▶ [YOUR INSTRUCTIONS]: Retype, exactly and completely, the listing that comes next, skipping its images.

▶ [DATA FOR THE TASK]:
-------

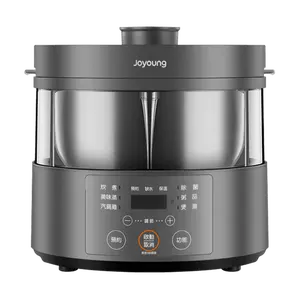 JOYOUNG F30S-S66 Multi-Functional Steamer with Transparent Window for Healthy Cooking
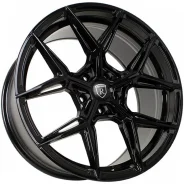 Sakura Wheels YA3823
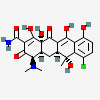 an image of a chemical structure CID 92043147
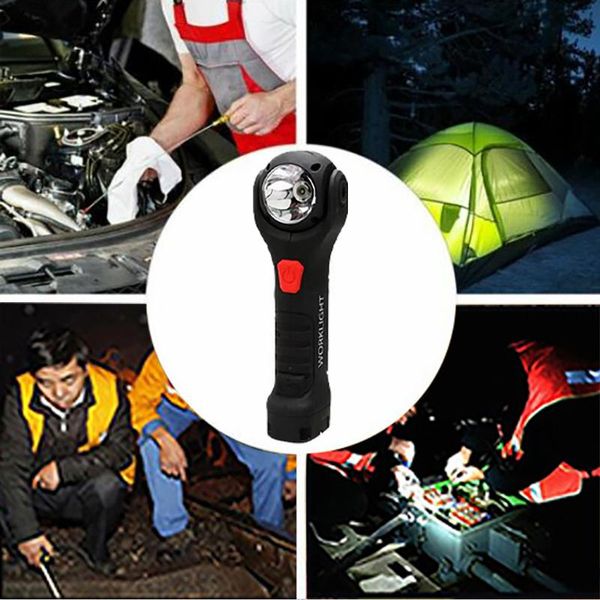 bike lights work light car maintenance handheld 360 degree rotation cob lamp waterproof with magnet usb rechargeable
bike lights work light car maintenance handheld 360 degree rotation cob lamp waterproof with magnet usb rechargeable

-------

▶ [EXPECTED ANSWER]:
 JOYOUNG F30S-S66 Multi-Functional Steamer with Transparent Window for Healthy Cooking
 Sakura Wheels YA3823
 an image of a chemical structure CID 92043147
 bike lights work light car maintenance handheld 360 degree rotation cob lamp waterproof with magnet usb rechargeable
bike lights work light car maintenance handheld 360 degree rotation cob lamp waterproof with magnet usb rechargeable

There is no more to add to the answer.